In this study, NP appears to be toxic to both nondifferentiated and differentiated PC-12 cells but with different sensitivities. In differentiated PC-12 cells, we found that even 1 ng/mL of CB and CdSe NPs were toxic; they were not toxic to nondifferentiated PC-12 cells. These data suggest that NPs might be more toxic to differentiated neuronal cells than their nondifferentiated counterparts since the cells are more like neurons in vivo. Nondifferentiated PC-12 cells are inherently resistant to chemicals and typically require high concentrations to display effects, while NGF-differentiated PC-12 cells have been useful for examining the chemical effects at specific neurodevelopmental stages including initial cell replication, the transition to differentiation, and the expression of specific neurotransmitter phenotypes. Our data indicated that CB and CdSe NP induced more toxic effects in NGF-differentiated PC-12 cells, which was more significant than their nondifferentiated counterparts. The neurocytotoxicity of NGF-differentiated PC-12 cells induced by CB was observed without significant difference, regardless of its particle size (5 and 100 nm).

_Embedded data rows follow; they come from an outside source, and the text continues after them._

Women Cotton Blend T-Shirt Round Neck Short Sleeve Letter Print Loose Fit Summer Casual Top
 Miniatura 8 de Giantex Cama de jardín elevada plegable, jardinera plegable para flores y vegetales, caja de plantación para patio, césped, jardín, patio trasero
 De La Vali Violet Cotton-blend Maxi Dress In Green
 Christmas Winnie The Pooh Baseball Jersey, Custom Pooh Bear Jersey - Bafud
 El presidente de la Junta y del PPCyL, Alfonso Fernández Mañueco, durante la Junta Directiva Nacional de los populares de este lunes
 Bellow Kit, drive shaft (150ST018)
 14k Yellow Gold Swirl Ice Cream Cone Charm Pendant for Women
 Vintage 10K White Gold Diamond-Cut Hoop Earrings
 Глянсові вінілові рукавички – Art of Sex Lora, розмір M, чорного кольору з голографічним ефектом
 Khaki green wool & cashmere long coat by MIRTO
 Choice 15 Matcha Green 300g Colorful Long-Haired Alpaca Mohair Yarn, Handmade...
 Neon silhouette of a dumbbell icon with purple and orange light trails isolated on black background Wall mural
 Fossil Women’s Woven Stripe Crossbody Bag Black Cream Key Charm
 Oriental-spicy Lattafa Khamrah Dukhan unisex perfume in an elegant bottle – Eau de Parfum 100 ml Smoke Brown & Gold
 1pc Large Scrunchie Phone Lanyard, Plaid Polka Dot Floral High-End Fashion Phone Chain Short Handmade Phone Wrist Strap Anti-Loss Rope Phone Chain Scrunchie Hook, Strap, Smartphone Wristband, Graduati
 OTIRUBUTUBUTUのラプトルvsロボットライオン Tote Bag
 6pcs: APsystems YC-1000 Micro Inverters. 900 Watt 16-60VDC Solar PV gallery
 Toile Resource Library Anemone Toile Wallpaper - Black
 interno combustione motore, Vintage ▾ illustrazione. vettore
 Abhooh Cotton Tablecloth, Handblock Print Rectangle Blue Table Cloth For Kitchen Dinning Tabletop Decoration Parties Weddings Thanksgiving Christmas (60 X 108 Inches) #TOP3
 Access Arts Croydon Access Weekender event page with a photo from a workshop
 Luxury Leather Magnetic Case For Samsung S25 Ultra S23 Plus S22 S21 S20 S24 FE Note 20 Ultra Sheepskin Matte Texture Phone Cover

These results suggest that these unmodified nanoparticles at certain levels are potentially toxic to neural cells. For example, the results suggest that it is important to regulate the concentration of the nanoparticles if they are to be used as a shuttling device for certain medicines. If these toxic issues are not considered, then those medicines that rely on NP could possibly be harmful to a person’s neurons. High concentration of metal ions released from the NP may affect cell morphology, viability, and membrane integrity. For example, Ren et al[26] showed that high Zn (2+) released from zinc nanoscale metal organic frameworks (MOFs) significantly changed the membrane integrity of PC-12 cells through regulation of neurotrophin signaling pathway-associated GAP-43 protein. Therefore, this and other findings further highlight the importance of cytotoxic evaluation of NPs before their biomedical applications.